A Key Safety Advantage – No Free Allergen is Present in the Therapy
The structure of the LAMP-allergen chimera offers a unique safety feature that is not present in any other allergy vaccine formulation: the allergen is isolated in a specific cellular compartment (i.e., the lysosome) and is “encased” in LAMP. The diagram to the right shows the lysosome in a cell expressing allergen. The allergen is anchored in the lysosome with the tail of LAMP and then is linked to the remaining sequence of LAMP. Work with dust mite allergen showed that the LAMP sequence eliminates circulating free allergen; thus, allows patient exposure to allergens without the fear of atopic reactions during sensitization therapy with DNA-based vaccines. To see how this works, view the PowerPoint Presentation.

Short Ragweed Allergy

ITI is also developing a therapeutic vaccine for short ragweed, SRW-LAMP-vax. "Ragweed" refers to a group of approximately 40 species of annual weed plants belonging to the Asteraceae (Compositae) family. Most Ragweed species are native to North America. Ragweed pollinosis was absent in Europe, but following the importation of Short Ragweed onto the continent during World War I as a result of contaminated seed shipments, the plant has become a major source of pollinosis in areas in Europe where the plants grow. Short Ragweed (see below) is also a serious source of pollinosis in Japan.

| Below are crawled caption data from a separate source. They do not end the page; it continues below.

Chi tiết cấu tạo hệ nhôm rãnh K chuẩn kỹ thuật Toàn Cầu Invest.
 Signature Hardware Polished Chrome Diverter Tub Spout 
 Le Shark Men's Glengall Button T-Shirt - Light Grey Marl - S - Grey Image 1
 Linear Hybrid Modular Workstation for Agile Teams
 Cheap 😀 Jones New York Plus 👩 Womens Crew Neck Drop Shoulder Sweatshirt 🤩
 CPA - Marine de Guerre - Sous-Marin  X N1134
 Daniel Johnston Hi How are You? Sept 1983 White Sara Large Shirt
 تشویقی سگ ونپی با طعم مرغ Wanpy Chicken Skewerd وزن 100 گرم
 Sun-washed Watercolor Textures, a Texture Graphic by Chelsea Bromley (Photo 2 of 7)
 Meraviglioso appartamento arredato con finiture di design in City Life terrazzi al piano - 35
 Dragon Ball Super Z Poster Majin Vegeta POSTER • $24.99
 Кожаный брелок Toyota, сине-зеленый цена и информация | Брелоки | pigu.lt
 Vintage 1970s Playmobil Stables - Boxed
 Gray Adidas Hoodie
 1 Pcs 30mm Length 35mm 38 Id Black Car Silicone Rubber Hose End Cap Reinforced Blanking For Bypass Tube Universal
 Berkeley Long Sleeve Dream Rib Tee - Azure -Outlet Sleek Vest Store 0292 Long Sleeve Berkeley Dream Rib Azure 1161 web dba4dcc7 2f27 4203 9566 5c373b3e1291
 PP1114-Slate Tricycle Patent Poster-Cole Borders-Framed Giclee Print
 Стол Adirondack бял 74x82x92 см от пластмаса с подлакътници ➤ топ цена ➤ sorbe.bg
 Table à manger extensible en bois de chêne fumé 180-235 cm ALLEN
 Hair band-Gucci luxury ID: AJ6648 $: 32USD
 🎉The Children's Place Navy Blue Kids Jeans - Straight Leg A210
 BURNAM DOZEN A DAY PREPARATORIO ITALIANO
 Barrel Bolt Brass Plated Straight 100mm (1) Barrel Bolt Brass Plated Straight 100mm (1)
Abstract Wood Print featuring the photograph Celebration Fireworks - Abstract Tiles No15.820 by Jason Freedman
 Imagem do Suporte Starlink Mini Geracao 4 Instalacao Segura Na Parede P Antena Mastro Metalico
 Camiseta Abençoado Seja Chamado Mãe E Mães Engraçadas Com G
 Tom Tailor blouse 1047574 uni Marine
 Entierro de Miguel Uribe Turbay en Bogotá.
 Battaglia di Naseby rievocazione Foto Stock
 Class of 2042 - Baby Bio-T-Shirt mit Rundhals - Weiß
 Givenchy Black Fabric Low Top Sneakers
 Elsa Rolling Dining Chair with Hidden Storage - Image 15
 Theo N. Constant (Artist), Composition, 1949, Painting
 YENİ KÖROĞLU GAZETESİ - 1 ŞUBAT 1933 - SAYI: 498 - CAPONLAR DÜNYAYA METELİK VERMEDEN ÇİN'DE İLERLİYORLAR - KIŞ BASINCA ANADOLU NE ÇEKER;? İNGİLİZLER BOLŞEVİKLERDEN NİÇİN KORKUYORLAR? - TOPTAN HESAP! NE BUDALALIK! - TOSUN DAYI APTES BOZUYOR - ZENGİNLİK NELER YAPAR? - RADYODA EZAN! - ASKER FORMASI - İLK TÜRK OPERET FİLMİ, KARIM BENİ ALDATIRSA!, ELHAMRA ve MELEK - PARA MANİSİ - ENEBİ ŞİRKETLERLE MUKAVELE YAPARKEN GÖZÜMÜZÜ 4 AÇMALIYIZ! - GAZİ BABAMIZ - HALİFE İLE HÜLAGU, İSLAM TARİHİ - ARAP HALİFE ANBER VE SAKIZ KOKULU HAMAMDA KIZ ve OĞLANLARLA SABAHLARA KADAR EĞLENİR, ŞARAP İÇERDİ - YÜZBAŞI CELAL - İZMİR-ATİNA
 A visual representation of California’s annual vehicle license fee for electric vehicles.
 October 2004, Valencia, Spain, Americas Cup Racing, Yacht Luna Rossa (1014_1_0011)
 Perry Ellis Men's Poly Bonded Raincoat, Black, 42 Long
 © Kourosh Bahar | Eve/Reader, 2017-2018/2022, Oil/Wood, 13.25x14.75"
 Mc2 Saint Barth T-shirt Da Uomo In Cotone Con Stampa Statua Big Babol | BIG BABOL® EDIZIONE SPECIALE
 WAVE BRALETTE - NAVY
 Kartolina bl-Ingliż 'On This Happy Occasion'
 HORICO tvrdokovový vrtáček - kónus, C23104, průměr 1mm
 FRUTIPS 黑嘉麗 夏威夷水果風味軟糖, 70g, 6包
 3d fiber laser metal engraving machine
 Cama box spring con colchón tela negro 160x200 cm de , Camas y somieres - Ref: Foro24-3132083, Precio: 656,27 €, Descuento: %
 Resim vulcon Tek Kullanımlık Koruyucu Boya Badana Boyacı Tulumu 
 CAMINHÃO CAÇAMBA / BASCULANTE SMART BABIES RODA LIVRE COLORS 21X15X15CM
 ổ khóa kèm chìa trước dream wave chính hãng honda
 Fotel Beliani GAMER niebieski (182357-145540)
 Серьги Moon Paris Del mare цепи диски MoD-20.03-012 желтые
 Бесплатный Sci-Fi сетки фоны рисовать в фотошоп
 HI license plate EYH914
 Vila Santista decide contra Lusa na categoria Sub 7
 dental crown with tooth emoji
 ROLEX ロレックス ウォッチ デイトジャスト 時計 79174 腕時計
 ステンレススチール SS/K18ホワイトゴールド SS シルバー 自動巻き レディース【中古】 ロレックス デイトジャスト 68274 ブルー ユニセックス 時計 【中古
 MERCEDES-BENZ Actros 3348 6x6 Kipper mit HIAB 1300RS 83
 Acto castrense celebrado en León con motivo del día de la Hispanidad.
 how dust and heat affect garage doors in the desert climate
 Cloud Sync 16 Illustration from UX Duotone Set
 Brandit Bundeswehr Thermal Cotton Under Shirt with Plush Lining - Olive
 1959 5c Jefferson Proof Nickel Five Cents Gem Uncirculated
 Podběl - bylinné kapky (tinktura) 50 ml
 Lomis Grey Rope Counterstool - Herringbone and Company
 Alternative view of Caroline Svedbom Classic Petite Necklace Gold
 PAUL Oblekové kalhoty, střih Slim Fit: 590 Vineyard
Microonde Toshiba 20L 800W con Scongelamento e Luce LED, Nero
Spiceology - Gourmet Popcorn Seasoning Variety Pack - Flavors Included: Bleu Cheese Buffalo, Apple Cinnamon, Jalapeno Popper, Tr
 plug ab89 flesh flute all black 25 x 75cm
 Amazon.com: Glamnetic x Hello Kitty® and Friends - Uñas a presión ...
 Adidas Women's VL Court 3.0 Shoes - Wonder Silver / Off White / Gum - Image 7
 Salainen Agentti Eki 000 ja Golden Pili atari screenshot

Ragweed, and in particular Short Ragweed (Ambrosia artemisiifolia), is clinically the most important source of seasonal aeroallergens, as it is responsible for both the majority of cases and the most severe cases of allergic rhinitis. Ragweed pollen also contributes significantly to exacerbation of asthma and allergic conjunctivitis. Ragweed pollen has also been implicated in Eustachian tube dysfunction in patients with allergic rhinitis and contact dermatitis.